Daha hızlı bir koşu atletin sırığı daha iyi kavramasını sağlar. Bu da merkezkaç kuvvetin kontrol edilmesine bağlıdır. Dolayısı ile bu da hızdaki artma koordinasyonunu bozmadığı zamanda olur.
Bükülebilir bir sırık, bükülmeyen sırığa göre daha yukarı tutulabilir ve atletin boyu, ağırlığı, çevikliği, rüzgarın yönü ve gücü, koşulları yer (zemin), atletin formu ve motivasyonu sırığın kavramasında etkenlerdendir.
Atlayıcı sırığı becerebildiği kadar kavramak zorundadır. (örneğin; sırık en yukarıda iken, yukarıdaki eli ile yer arasındaki mesafedir. Bu mesafede atletin boyunun iki misli ve 0,60 m'nin ilavesidir.)
Uzun boylu ve uzun bacaklı atletin ağırlık merkezleri sırığı kavramalarına göre düşük olur. Aynı zamanda kısa boylu atletlere daha fazla merkezkaç kuvvetini geliştirmesi gerekir. Bu da daha fazla kuvvet ve hız demektir.
SALINMA: Atlayıcı kazan ile kendisi arasındaki yatay mesafeyi azaltmak için ilk olarak ağırlık merkezinde düşük bir pozisyon bulur, buradaki dikey hız azdır, fakat bu esnada hemen yükselmesi gerekir. Bu yükselme esnasında sırığı biraz daha bükebilir. Sıçrama sırasında ayaklarını yukarı kaldırır ve kolları ile sırığa yüklenir.

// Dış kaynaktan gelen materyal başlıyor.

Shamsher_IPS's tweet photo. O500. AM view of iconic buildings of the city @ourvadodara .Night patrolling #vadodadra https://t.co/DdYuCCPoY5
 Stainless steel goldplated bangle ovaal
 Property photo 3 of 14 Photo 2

Kalçalar başın üzerinde olmalıdır ve başlangıçta dizler bükülüp göğüse yapıştırılır. Sırık düzeldikten sonra biriken enerjiyi kullanmak için atlayıcının kullanacağı en iyi pozisyon (amut) kollarının üzerinde durmaktır. Bu durumda çıtayı geçene kadar atlayıcı ayaklarını başının mümkün olduğu kadar yukarıda tutmak zorundadır. Çıtayı geçtikten sonra ayaklar kendiliğinden aşağıya iner.
ÇEKME-İTME: İyi bir atlayıcı sırığı çekmeyi mümkün olduğunca geciktirir. (Bu işi erken yapmaz) Daha güçsüz ve az koordinasyona sahip atletler sırığın geri çekilmesine karşı direnmezler ve bu yüzden boy avantajlarını kullanarak çekmeyi geciktirirler. Çekme kuvvetli ve çabuk olmalıdır.
Vücudun dönmesi bacak hareketi ile olur. Bu boşta olan bacak ile yapılır (bazları sol ayakla başlayarak vücudun dönmesini sırığın sol tarafından yapar). Dönme hızı çekme hızına bağlıdır. İtme çekmenin bir devamıdır.